Sucks, doesn't it?  Something that can bring people from all over the world together, to communicate instantaneously, and so many use it to attack, criticize, make fun of, and alarm.


----------



## Warrigal (Jun 14, 2016)

It takes all kinds to make a world. We can't expect everyone to express their thoughts in the same manner. Some people are always tactful, others wax and wane according to the mood and some are always rather blunt. It doesn't pay to be thin skinned over things that people might post. If things get overheated the mods will intervene.

I don't think that this forum is over the top in this regard.


----------



## NancyNGA (Jun 14, 2016)

Warrigal said:


> It takes all kinds to make a world. We can't expect everyone to express their thoughts in the same manner.
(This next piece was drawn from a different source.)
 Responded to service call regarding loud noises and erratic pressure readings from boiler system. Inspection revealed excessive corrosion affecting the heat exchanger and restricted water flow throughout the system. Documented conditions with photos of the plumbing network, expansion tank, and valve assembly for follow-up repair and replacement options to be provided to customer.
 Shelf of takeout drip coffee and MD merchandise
Some people are always tactful, others wax and wane according to the mood and some are always rather blunt. It doesn't pay to be thin skinned over things that people might post. If things get overheated the mods will intervene.
> 
> I don't think that this forum is over the top in this regard.



I agree.


----------



## Ruthanne (Jun 14, 2016)

guitarist said:


> some people on another forum seem to think it's because online you're anonymous so you can be outspoken without fear of reprisal.  No one "knows where you live."
> 
> that's no excuse, it's just what some people think. It's one remove from road rage -- there you're separated from others in a car so people who wouldn't dare walk up to someone on the sidewalk and hit them or shoot them give vent to impatience and irritation with their cars.  Here on the internet we're even more distanced from each other.
> 
> ...


ikwym


----------



## Ruthanne (Jun 14, 2016)

Warrigal said:


> It takes all kinds to make a world. We can't expect everyone to express their thoughts in the same manner. Some people are always tactful, others wax and wane according to the mood and some are always rather blunt. It doesn't pay to be thin skinned over things that people might post. If things get overheated the mods will intervene.
> 
> I don't think that this forum is over the top in this regard.
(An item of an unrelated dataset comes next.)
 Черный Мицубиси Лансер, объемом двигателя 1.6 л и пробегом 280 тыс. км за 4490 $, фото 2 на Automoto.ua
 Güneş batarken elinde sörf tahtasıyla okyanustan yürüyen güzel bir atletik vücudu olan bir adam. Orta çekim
I'm sorry that you needed to get defensive with this.  It wasn't my intention to make anyone get that way.  I was just trying to help us have more regard for each others feelings so that the mods don't have to intervene as often.  Why put it all on the mods?  We are grown ups.


----------



## Warrigal (Jun 14, 2016)

I'm not being defensive. If I thought that I was at fault I would apologise. I have done this on occasions when I did cause some offense with one of my posts. 

What I am trying to do now is suggest that the best way to continue posting is to adopt a somewhat detached attitude to some discussions. I try hard not to take anything personally and as long as I can do this, I am not easily offended.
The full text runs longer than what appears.